Curtiz était-il un auteur? C'est le genre de question dont on se demande encore qui elle peut passionner à l'heure de Netflix, le truc qui est train de tuer le cinéma à grandes enjambées, en commençant par gommer le rôle du metteur en scène dans sa logistique! Mais Curtiz a en effet la réputation, pas vraiment usurpée, d'avoir durant son passage à la Warner été indifférent à la globalité de ses films, se concentrant sur une scène, voire un plan à la fois... Et obtenant des résultats parfois miraculeux.
C'est vrai qu'il y a tellement de stupidités révoltantes dans la Bible, qu'on a l'impression qu'il suffit parfois de se pencher pour en ramasser... C'est à peu près ce qu'a fait Darryl F. Zanuck, qui ne présidait pas encore aux destinées de la Fox, mais était une étoile montante du scénario en cette fin du muet.
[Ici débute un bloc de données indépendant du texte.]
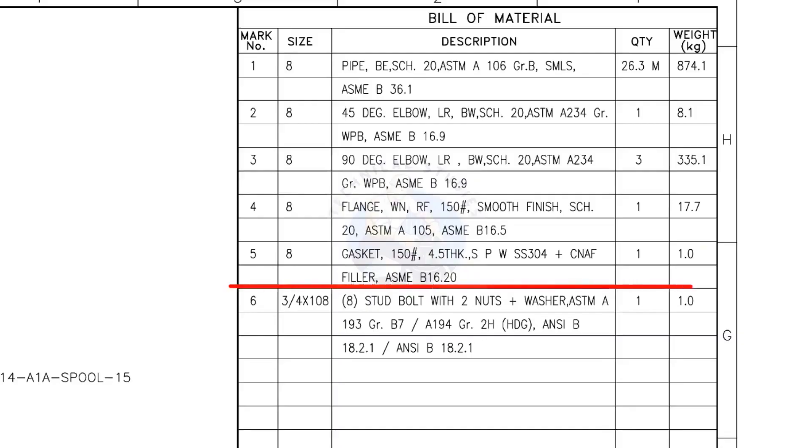Mark number 5: 8-inch gasket, 150-pound, 4.5-millimeters thick, spiral wound, compressed non-asbestos filled, metallic gasket. The quantity is 1.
La mission que lui avait confiée la Warner était de faire du Cecil B. DeMille, ni plus ni moins, en se gardant toutefois de faire un démarquage des Dix Commandements de 1923, ce qui avait déjà été fait en Europe, lorsque Mihaly Kertesz et Sascha Kolowrat s'étaient lancés dans la production de L'esclave Reine, une superproduction Autrichienne qui piquait à DeMille ses meilleurs effets... En toute logique, la warner, qui préparait ce film depuis longtemps, a fait appel à Kertesz, l'a rebaptisé Curtiz, et lui a confié les clés. Et si on ne refaisait pas The ten commandments, rien n'empêchait de le singer à chaque fois que c'était possible!
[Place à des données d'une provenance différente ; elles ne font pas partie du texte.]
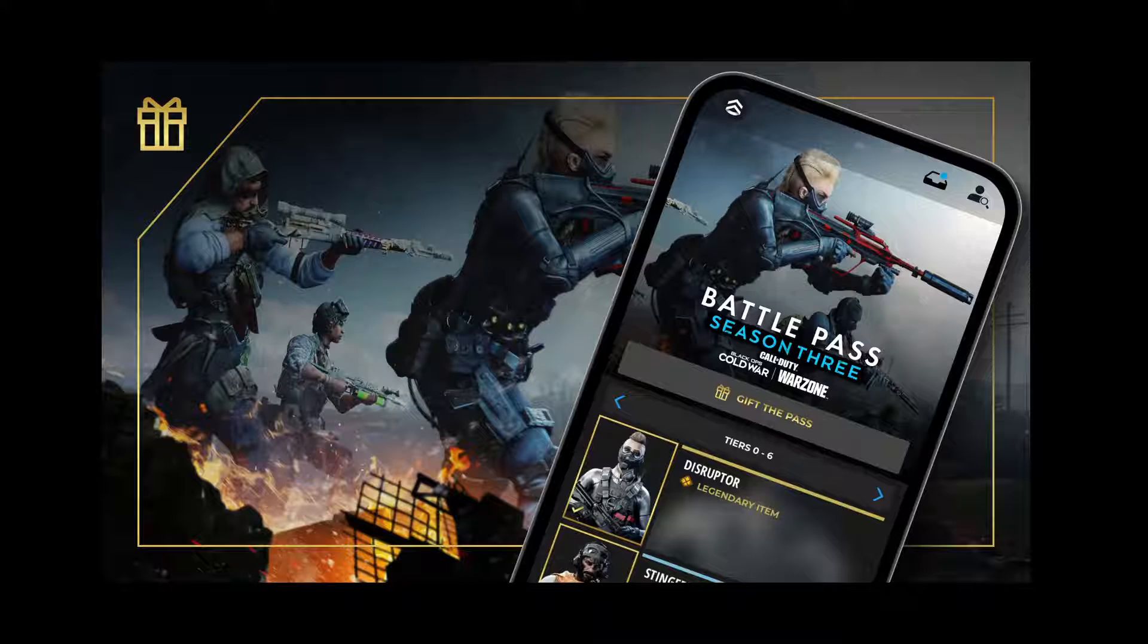I think right now I'm using the MAC-10. I kind of tweaked it and I found a really good loadout with the MAC-10. Just put in the comment section what gun you use the most.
On raconte dans ce film une anecdote hautement improbable, celle de deux Américains, dont l'un (George O'Brien) a rencontré dans des circonstances dramatiques la femme de sa vie, la danseuse Marie (Dolores Costello), une jeune Allemande. Mariés, il leur a fallu faire face à un dilemme en 1917... Mais le sens du devoir, n'est-ce pas... Donc O'Brien parti sur le front Français, Costello a du reprendre son métier en Europe. Mais une connaissance commune (Noah Beery) qui a une dent contre eux l'a reconnue, et l'a dénoncée comme espionne; Devinez qui sera dans le peloton... Comme dans tant de films de DeMille, une digression de luxe fait bifurquer les personnages vers l'époque biblique, tentant par tous les moyens de dresser un parallèle avec l'épisode de l'Arche de Noë. Je dis bien "tentant par tous les moyens", tant la ficelle est grosse...
Le "DeMille Autrichien" (Qui était comme chacun sait Hongrois) a fait ses gammes de 1926 à 1928, le temps que se monte cette production. Sorti trop tard, à l'époque du parlant, ce film est de toute façon un ratage, une histoire symbolique, d'un genre auquel DeMille lui-même ne touchait plus en 1928. dans cet ahurissant mélange (Scènes parlées dans un film muet, histoire contemporaine appuyée par des séquences bibliques) on voit bien ce qui fait l'essence du cinéma du jeune Curtiz: il tourne ce qu'on lui donne à tourner, y trouvant ou non son intérêt, mais fait de l'image à tout prix. Un cinéma donc de l'émotion, de la séquence, dans lequel l'élément humain est ballotté, maltraité. Des "attractions" selon l'expression de Mauritz Stiller: train qui déraille, explosions et batailles sur le front, un obus qui déclenche un glissement de terrain, et autres déluges. Le film s'appelant L'arche de Noë, ça va sans dire. Bien sur, on le sait, la légende honteuse de ce film fait de Curtiz un fou dangereux, responsable d'un nombre mal défini mais hélas réaliste de morts de figurants. Une étrange façon de prendre congé du cinéma muet, que ce film qui est mal fichu, mais considéré comme un classique...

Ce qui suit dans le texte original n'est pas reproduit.